Renungan Firman (15 menit):

Pada awal penciptaan ketika Allah menjadikan manusia, Ia berfirman, “beranak cuculah dan bertambah banyak, penuhilah bumi dan taklukkanlah itu (subdue it), berkuasalah (have dominion) atas ikan-ikan di laut dan burung-burung di udara dan atas segala binatang yang merayap di bumi (Kejadian 1 : 28). Ya, ada panggilan “to have dominion” yang Allah berikan pada manusia – sebuah panggilan untuk berkuasa dan mengusahakan bumi ini, memiliki otoritas ilahi atas segala makhluk ciptaan yang lain — menjadi wakil Allah di bumi ini. Allah memberikan mandat itu pada manusia, tapi manusia justru tertipu Iblis dan kehilangan posisi. Ketiadaan peran manusia yang berotoritas ilahi dan justru bertahtanya manusia daging membuat bumi mengerang dan mengeluh menantikan anak-anak Allah kembali dinyatakan (Roma 8 : 19).

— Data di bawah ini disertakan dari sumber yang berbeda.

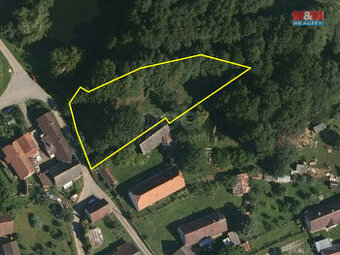 Prodej pozemku k bydlení, 1395 m², Mostek, Dolní Hrachovice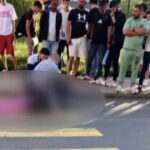 video caz socant langa capitala femeie insarcinata impuscata pe strada de fostul iubit starea ei este critica 683b4fe67b4c0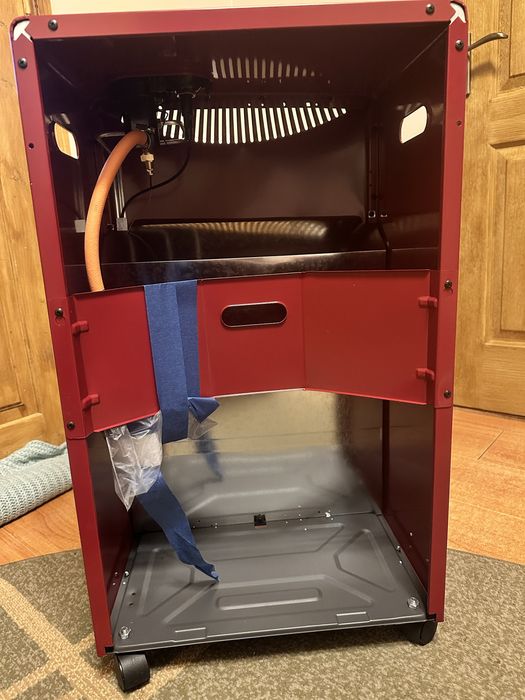 Обігрівач на газу / 2 балони / перехідних для заправки балонів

Pada jaman Musa dahulu, Allah sungguh hadir memimpin umatNya baik melalui tiang awan dan tiang api, dan pada puncaknya adalah melalui peristiwa Gunung Sinai dimana hadirat Allah begitu dashyat dalam gemuruh dan kilat di gunung tsb (Keluaran 19 : 18 – 20) namun manusia menolak sistem theokratos (Allah memerintah manusia) tsb, mereka berkata pada Musa, “engkaulah berbicara dengan kami, maka kami akan mendengarkan, tetapi janganlah Allah berbicara dengan kami, nanti kami mati (20 :19). Mereka menghendaki demoskratos (manusia memerintah manusia) yang bahkan terus merosot ketika memasuki jaman Samuel dimana mereka pun mulai meminta raja seperti bangsa sekeliling meski sudah diperingati akan segala risikonya (1 Samuel 8 : 6 – 22). Sejak saat itulah pemerintahan Allah tergantikan oleh pemerintahan manusia, Kerajaan Allah digantikan kerajaan-kerajaan manusia dan itu terus berlanjut sampai sekarang.

Allah menjadikan manusia sebagai mahkluk penyembah dimana manusia selalu memiliki dorongan untuk menyembah sesuatu yang dianggap layak memperoleh penghormatan dan pelayanannya — sesuatu yang seharusnya ditujukan kepada Allah saja. Namun ketika manusia menolak Allah, maka kekosongan posisi itu harus diisi oleh sesuatu yang lain, bisa berupa pohon besar, ilah dewa atau manusia yang lain. Disinilah power atau kekuasaan lantas menjadi daya tarik tersendiri. Banyak orang berebut untuk menggapai posisi tinggi guna memerintah sesamanya.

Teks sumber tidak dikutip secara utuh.